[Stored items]
_ _ _ _ _
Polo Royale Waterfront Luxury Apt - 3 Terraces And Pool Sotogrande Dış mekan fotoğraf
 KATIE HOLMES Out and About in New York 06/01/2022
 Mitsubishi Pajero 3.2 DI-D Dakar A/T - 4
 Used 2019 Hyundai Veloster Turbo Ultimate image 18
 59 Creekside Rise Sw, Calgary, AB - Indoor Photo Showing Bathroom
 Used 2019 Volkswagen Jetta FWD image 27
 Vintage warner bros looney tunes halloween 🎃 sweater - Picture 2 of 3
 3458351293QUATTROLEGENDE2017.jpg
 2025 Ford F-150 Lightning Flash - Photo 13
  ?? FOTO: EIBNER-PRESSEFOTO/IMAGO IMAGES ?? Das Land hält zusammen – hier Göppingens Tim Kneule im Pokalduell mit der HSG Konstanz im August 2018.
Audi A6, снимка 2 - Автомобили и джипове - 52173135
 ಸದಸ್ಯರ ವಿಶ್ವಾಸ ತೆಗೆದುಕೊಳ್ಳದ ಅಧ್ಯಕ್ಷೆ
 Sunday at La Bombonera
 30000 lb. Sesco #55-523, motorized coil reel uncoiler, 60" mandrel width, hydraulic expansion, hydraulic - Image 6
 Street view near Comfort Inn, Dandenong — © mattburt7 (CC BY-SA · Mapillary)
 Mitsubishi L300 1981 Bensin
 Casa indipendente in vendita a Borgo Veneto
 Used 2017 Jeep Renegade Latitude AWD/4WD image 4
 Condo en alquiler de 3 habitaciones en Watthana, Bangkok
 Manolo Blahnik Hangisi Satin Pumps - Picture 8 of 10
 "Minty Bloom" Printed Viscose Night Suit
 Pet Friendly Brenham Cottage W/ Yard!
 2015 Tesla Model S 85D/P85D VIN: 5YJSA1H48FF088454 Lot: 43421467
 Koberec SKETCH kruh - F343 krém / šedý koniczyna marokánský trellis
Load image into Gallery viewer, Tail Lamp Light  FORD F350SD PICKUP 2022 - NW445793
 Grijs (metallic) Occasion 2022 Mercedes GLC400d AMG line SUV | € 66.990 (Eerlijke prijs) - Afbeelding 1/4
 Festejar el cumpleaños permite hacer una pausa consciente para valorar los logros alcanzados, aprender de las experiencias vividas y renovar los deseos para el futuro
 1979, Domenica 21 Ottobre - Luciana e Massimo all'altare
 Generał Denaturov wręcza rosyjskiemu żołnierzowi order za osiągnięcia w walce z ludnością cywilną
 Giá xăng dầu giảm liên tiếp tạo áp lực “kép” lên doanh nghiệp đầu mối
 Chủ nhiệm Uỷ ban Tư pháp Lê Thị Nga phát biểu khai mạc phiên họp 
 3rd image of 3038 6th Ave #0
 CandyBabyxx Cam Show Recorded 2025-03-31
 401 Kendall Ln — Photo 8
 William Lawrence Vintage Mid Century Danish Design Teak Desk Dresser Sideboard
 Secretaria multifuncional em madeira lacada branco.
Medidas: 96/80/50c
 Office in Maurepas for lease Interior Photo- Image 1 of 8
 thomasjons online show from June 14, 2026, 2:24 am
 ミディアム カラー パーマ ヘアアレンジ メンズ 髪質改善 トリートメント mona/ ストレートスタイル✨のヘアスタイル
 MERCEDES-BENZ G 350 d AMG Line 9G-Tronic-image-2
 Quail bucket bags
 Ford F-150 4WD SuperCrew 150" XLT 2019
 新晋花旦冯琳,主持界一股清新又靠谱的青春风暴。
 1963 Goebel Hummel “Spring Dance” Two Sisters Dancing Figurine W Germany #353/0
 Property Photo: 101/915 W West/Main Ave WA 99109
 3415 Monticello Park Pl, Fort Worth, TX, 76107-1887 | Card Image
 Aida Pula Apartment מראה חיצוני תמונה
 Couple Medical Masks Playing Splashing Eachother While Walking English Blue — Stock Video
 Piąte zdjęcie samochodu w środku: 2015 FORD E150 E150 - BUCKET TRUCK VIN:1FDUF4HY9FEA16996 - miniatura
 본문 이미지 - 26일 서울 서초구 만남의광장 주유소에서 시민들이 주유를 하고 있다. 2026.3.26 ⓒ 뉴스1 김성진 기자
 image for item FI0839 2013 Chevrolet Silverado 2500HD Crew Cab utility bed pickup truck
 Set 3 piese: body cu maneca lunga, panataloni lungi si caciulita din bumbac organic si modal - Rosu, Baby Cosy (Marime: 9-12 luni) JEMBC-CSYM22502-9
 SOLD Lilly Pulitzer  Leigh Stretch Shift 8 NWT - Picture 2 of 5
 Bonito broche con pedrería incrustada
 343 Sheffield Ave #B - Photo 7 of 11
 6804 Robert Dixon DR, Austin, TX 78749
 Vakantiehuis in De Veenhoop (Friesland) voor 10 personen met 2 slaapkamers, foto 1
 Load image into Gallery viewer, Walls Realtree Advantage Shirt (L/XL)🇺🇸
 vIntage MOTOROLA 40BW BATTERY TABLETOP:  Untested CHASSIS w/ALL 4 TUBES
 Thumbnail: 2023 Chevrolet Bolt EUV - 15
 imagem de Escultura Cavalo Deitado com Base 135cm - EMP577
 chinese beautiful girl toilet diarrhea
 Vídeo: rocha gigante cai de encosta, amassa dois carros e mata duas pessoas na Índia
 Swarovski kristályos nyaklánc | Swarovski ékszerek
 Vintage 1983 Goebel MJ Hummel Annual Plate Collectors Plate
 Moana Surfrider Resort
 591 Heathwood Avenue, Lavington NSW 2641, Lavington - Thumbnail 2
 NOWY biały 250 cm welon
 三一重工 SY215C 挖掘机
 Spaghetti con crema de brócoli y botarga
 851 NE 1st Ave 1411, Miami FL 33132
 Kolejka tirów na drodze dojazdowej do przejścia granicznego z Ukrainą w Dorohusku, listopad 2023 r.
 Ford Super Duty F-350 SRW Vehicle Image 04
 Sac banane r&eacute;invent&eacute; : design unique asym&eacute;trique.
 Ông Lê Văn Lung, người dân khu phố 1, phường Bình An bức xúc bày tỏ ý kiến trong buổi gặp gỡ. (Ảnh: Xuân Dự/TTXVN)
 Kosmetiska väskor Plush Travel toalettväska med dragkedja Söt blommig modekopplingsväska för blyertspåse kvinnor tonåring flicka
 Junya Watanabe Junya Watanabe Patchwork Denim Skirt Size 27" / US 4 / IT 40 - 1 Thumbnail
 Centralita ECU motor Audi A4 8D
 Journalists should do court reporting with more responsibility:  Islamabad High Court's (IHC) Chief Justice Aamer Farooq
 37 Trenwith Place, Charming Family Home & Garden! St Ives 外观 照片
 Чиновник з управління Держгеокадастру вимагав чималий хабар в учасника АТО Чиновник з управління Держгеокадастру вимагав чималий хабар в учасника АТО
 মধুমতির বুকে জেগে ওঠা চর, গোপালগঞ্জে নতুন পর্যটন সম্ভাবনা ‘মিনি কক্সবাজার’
_ _ _ _ _
The answer should be an exact copy of the lines from the first line of the data through the line with "im August 2018." and should contain nothing else.

Reply to the exercise:
Polo Royale Waterfront Luxury Apt - 3 Terraces And Pool Sotogrande Dış mekan fotoğraf
 KATIE HOLMES Out and About in New York 06/01/2022
 Mitsubishi Pajero 3.2 DI-D Dakar A/T - 4
 Used 2019 Hyundai Veloster Turbo Ultimate image 18
 59 Creekside Rise Sw, Calgary, AB - Indoor Photo Showing Bathroom
 Used 2019 Volkswagen Jetta FWD image 27
 Vintage warner bros looney tunes halloween 🎃 sweater - Picture 2 of 3
 3458351293QUATTROLEGENDE2017.jpg
 2025 Ford F-150 Lightning Flash - Photo 13
  ?? FOTO: EIBNER-PRESSEFOTO/IMAGO IMAGES ?? Das Land hält zusammen – hier Göppingens Tim Kneule im Pokalduell mit der HSG Konstanz im August 2018.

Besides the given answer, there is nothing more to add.